_WORK REQUIRED_. Word for word, output the data, with none of its pictures.

Start of SUPPLIED MATERIAL

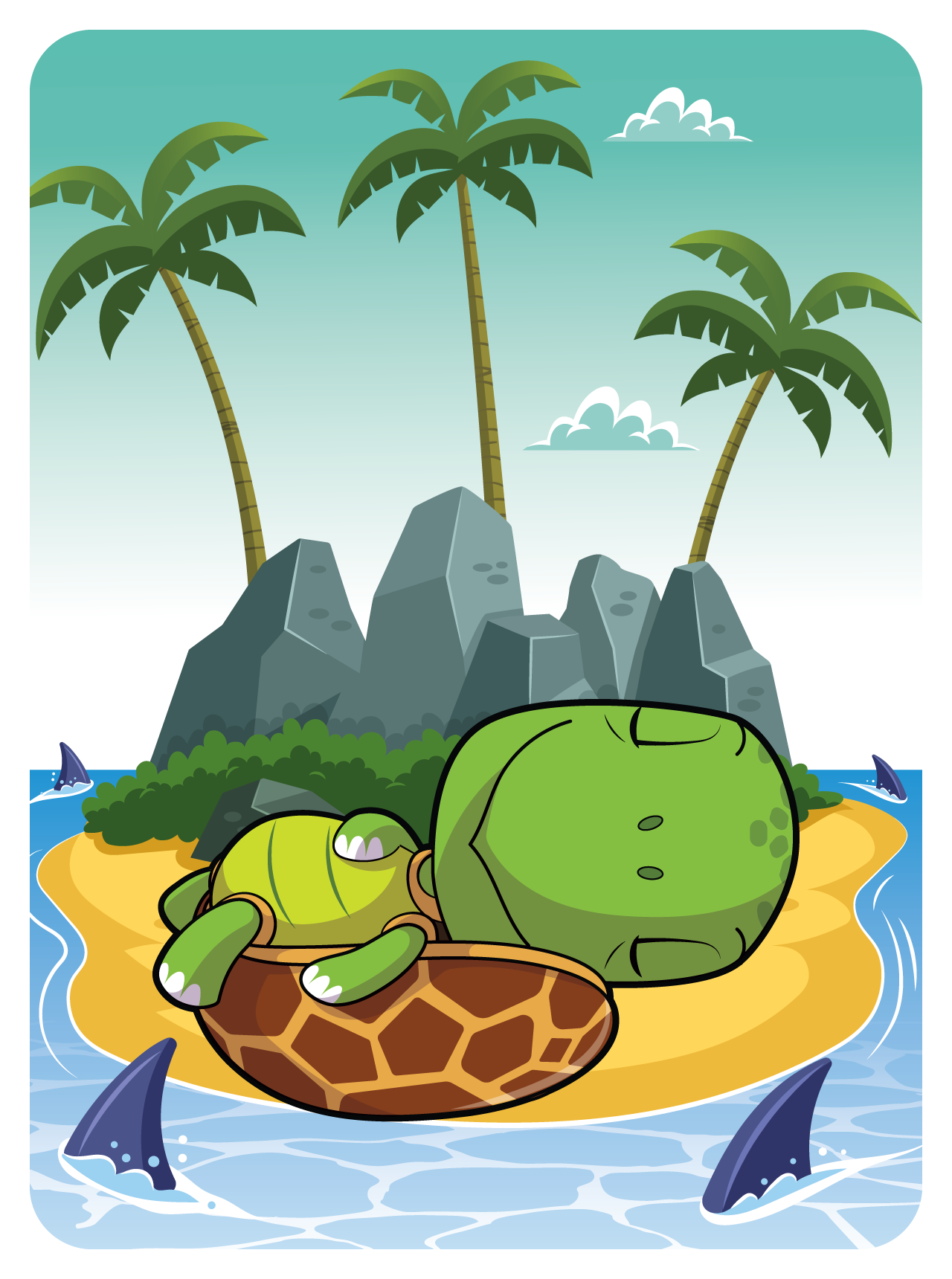 Gary Vaynerchuk - VeeFriends Series 2 - Tolerant Tortoise #15883 - NFT # 15883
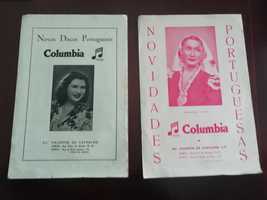 Columbia - Valentim de Carvalho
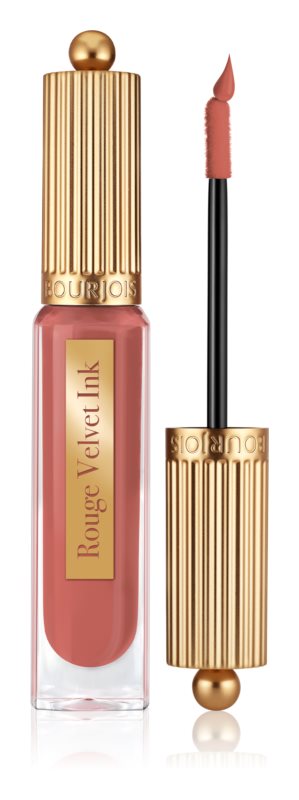 Bourjois Rouge Velvet Ink liquid lipstick with matte effect 3.5 ml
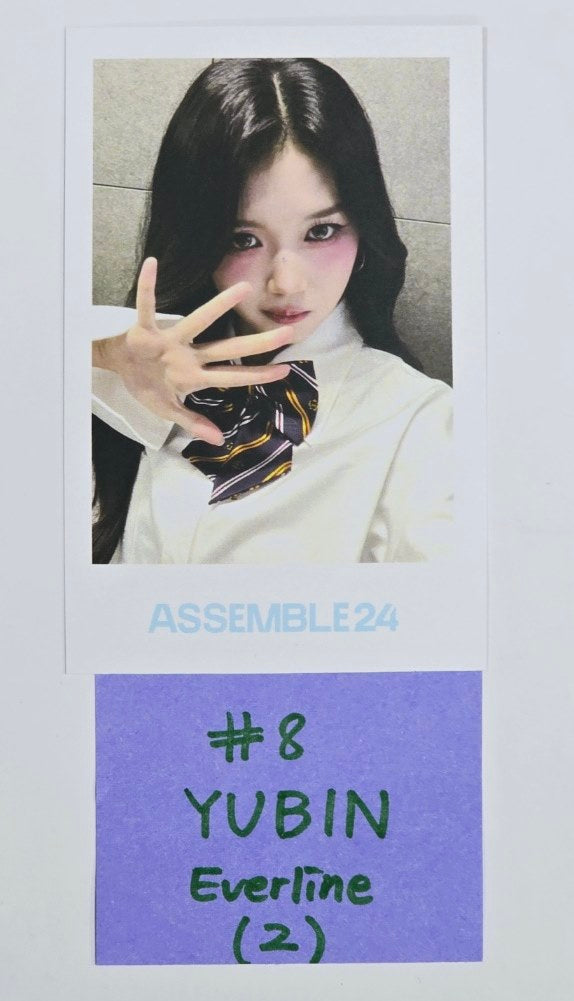 TripleS "ASSEMBLE24" - Everline Fansign Event Photocard Round 5 [24.7.18] - HALLYUSUPERSTORE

End of SUPPLIED MATERIAL

_THE ANSWER_.
 Gary Vaynerchuk - VeeFriends Series 2 - Tolerant Tortoise #15883 - NFT # 15883
 Columbia - Valentim de Carvalho
 Bourjois Rouge Velvet Ink liquid lipstick with matte effect 3.5 ml
 TripleS "ASSEMBLE24" - Everline Fansign Event Photocard Round 5 [24.7.18] - HALLYUSUPERSTORE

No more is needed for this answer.